→ **What you need to do**
A faithful copy of the entries is needed, one that leaves out the pictures.

Items listed in a dataset
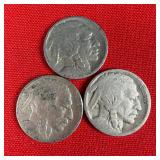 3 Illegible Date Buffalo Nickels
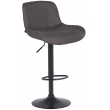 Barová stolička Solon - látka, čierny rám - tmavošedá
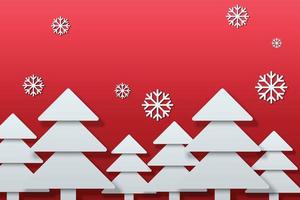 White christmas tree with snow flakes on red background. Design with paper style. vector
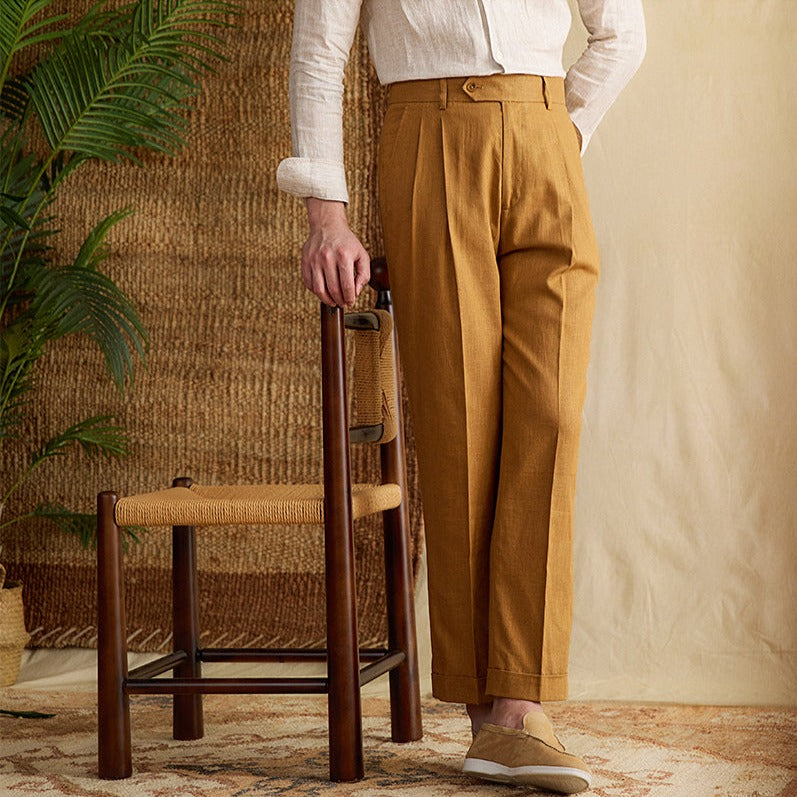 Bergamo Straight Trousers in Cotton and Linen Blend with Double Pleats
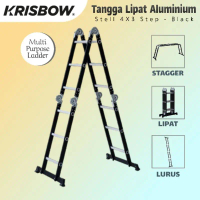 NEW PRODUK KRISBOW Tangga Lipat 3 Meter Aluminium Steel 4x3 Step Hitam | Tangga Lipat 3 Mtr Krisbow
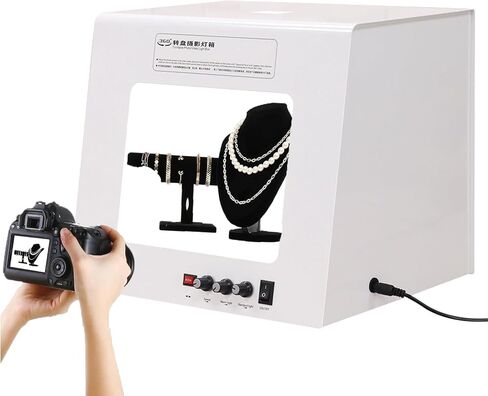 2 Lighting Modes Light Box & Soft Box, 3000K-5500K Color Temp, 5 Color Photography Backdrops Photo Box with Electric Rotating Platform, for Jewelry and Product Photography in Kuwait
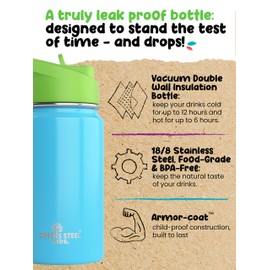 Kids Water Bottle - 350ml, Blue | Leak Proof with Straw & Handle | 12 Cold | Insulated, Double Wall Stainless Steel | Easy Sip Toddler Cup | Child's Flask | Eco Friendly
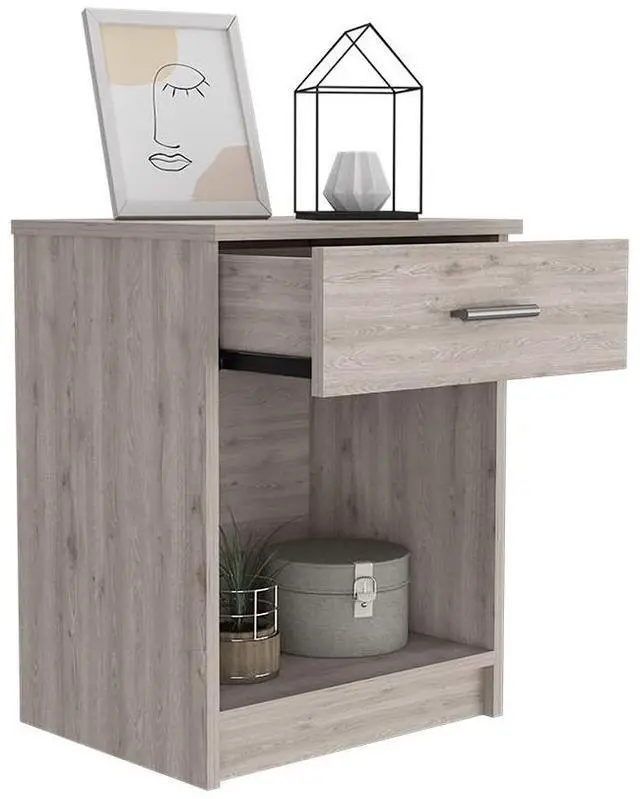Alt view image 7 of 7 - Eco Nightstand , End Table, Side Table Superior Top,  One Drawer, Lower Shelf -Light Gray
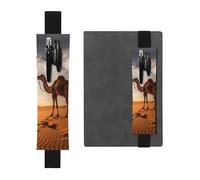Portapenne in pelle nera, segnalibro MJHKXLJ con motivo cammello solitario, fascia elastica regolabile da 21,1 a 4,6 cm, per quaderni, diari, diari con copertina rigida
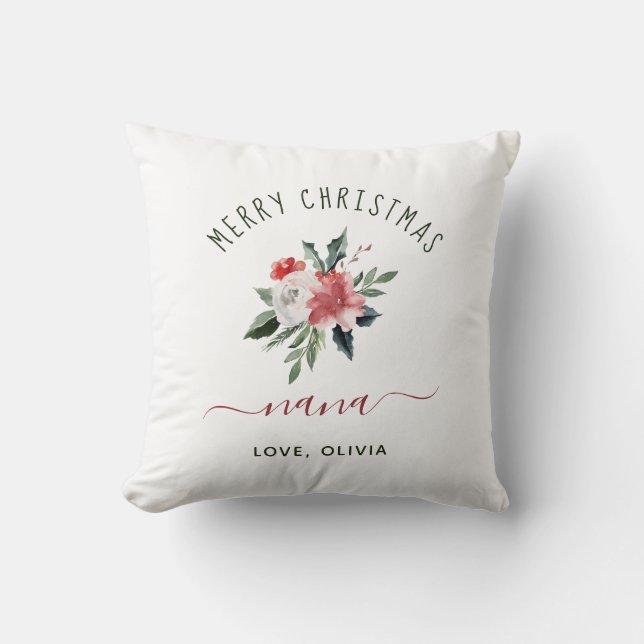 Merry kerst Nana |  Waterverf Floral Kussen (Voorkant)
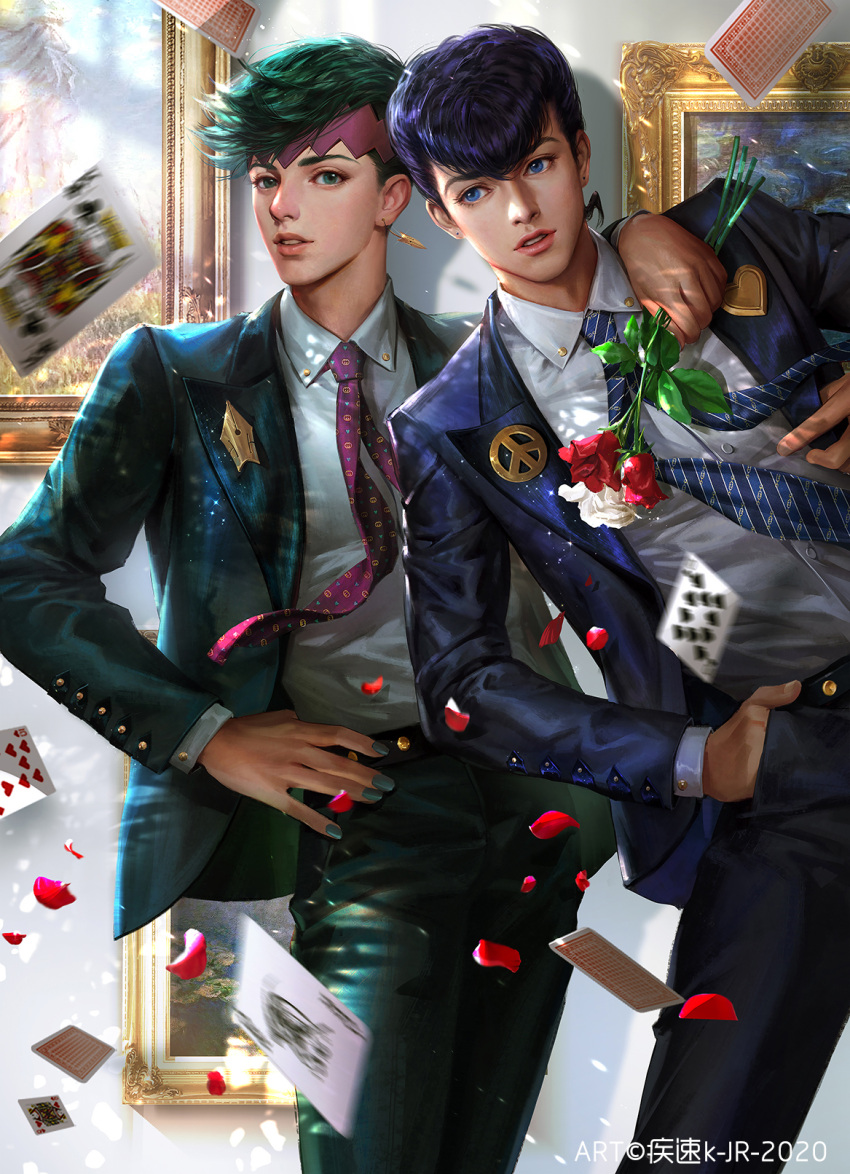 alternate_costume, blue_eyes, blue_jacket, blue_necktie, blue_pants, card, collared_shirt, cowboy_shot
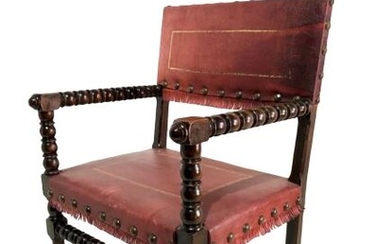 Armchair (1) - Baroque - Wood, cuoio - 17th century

→ **Task output**
 3 Illegible Date Buffalo Nickels
 Barová stolička Solon - látka, čierny rám - tmavošedá
 White christmas tree with snow flakes on red background. Design with paper style. vector
 Bergamo Straight Trousers in Cotton and Linen Blend with Double Pleats
 NEW PRODUK KRISBOW Tangga Lipat 3 Meter Aluminium Steel 4x3 Step Hitam | Tangga Lipat 3 Mtr Krisbow
 2 Lighting Modes Light Box & Soft Box, 3000K-5500K Color Temp, 5 Color Photography Backdrops Photo Box with Electric Rotating Platform, for Jewelry and Product Photography in Kuwait
 Kids Water Bottle - 350ml, Blue | Leak Proof with Straw & Handle | 12 Cold | Insulated, Double Wall Stainless Steel | Easy Sip Toddler Cup | Child's Flask | Eco Friendly
Alt view image 7 of 7 - Eco Nightstand , End Table, Side Table Superior Top,  One Drawer, Lower Shelf -Light Gray
Portapenne in pelle nera, segnalibro MJHKXLJ con motivo cammello solitario, fascia elastica regolabile da 21,1 a 4,6 cm, per quaderni, diari, diari con copertina rigida
 Merry kerst Nana |  Waterverf Floral Kussen (Voorkant)
 alternate_costume, blue_eyes, blue_jacket, blue_necktie, blue_pants, card, collared_shirt, cowboy_shot
 Armchair (1) - Baroque - Wood, cuoio - 17th century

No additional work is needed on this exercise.